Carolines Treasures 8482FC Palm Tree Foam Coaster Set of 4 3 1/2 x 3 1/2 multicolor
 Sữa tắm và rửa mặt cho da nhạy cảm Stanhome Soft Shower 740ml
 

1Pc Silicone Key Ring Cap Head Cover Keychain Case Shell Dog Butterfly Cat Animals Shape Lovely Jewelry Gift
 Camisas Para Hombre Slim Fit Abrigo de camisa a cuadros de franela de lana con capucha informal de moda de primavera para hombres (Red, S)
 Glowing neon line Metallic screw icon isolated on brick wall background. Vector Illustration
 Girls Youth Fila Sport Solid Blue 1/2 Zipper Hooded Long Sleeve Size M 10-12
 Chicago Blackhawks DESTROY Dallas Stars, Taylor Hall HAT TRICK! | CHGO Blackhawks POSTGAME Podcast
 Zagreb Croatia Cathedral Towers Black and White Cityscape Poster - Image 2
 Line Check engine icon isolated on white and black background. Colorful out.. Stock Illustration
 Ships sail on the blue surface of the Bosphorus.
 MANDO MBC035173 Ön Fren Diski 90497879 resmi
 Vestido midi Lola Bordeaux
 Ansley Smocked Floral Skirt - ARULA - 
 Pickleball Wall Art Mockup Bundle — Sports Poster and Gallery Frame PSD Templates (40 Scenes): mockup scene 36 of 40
----------
**EXERCISE PROMPT**
All entries are to be printed once more, exactly as given.

**REPLY**
Carolines Treasures 8482FC Palm Tree Foam Coaster Set of 4 3 1/2 x 3 1/2 multicolor
 Sữa tắm và rửa mặt cho da nhạy cảm Stanhome Soft Shower 740ml
 

1Pc Silicone Key Ring Cap Head Cover Keychain Case Shell Dog Butterfly Cat Animals Shape Lovely Jewelry Gift
 Camisas Para Hombre Slim Fit Abrigo de camisa a cuadros de franela de lana con capucha informal de moda de primavera para hombres (Red, S)
 Glowing neon line Metallic screw icon isolated on brick wall background. Vector Illustration
 Girls Youth Fila Sport Solid Blue 1/2 Zipper Hooded Long Sleeve Size M 10-12
 Chicago Blackhawks DESTROY Dallas Stars, Taylor Hall HAT TRICK! | CHGO Blackhawks POSTGAME Podcast
 Zagreb Croatia Cathedral Towers Black and White Cityscape Poster - Image 2
 Line Check engine icon isolated on white and black background. Colorful out.. Stock Illustration
 Ships sail on the blue surface of the Bosphorus.
 MANDO MBC035173 Ön Fren Diski 90497879 resmi
 Vestido midi Lola Bordeaux
 Ansley Smocked Floral Skirt - ARULA - 
 Pickleball Wall Art Mockup Bundle — Sports Poster and Gallery Frame PSD Templates (40 Scenes): mockup scene 36 of 40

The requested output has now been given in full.